Something strange is happening just days before the World Cup kicks off: Spain isn’t the odds-on favorite to win.
Brazil is a very strong team and will have the tremendous support of home crowds for every match. Argentina has the world’s best player, Lionel Messi. Germany has the deepest and most talented squad. Those are the three favorites that experts and betting companies have tipped to win it all.
And then comes Spain. The reigning World Cup and European champ, Spain only has a chance to make international soccer history and go down as the greatest generation of soccer talent ever assembled. No pressure there.
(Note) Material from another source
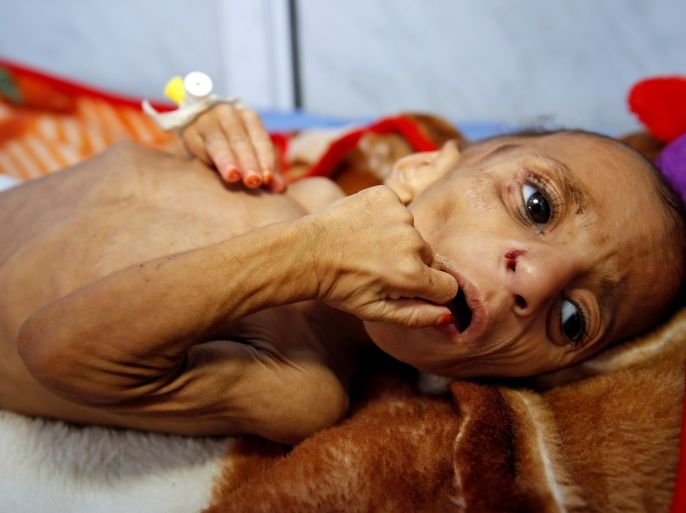 One-year-old Fatima Abdullah Hassan, who suffers from severe malnutrition, lies in bed at a malnutrition treatment center in the Red Sea port city of Hodeida, Yemen December 20, 2017. REUTERS/Abduljabbar Zeyad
A second consecutive World Cup victory — a feat not managed since Brazil did in more than 50 years ago in 1958 and 1962 — would be the country’s fourth straight international title, including the 2008 and 2012 European Championships. No other country has managed that feat.
It’s hard to believe that seven years ago, the Spanish national team wasn’t considered a world power. Always a bridesmaid, the team hadn’t won a major trophy since 1964. The roster was too small and lacked superstars and experience.
Since then, under coach Vicente del Bosque, Spain has conquered the world and Europe — Spanish clubs Real Madrid and Barcelona have won 13 titles, including three Champions Leagues since 2008.
They’ve done it with style, a beautiful, possession-based attack called “tiki-taka.” The patient style, made famous by Barcelona, often lulls a team to sleep before incisively carving them open for a goal-scoring chance. It’s mesmerizing to watch.
Del Bosque has relied on many of the same players (pulling heavily from Barcelona and Real Madrid’s celebrated ranks) during this run.
Thirteen players from the 2008 Euro squad made the 2014 World Cup. For many, including goalkeeper Iker Casillas (33 years old), midfielders Xavi (34) and Xabi Alonso (32), and forward David Villa (32), it’s likely their last major tournament.
The cupboard won’t be bare after those losses. Cesc Fabregas and David Silva have been around since 2008 but are only 27 and 28, respectively.
A tough group stage is the first obstacle for the Spanish, including a rematch of the 2010 World Cup final with the Netherlands and a very tricky match with Chile. Andres Iniesta, scorer of the important goal in 2010, is again one of Spain’s leading attackers.
Tricky knockout-stage matches — even potentially against Brazil if Spain finishes second in the group — also lie in wait.
It might be hard to count on Spain to repeat this World Cup, but it would be harder to count out a generation this experienced, talented and battle-tested.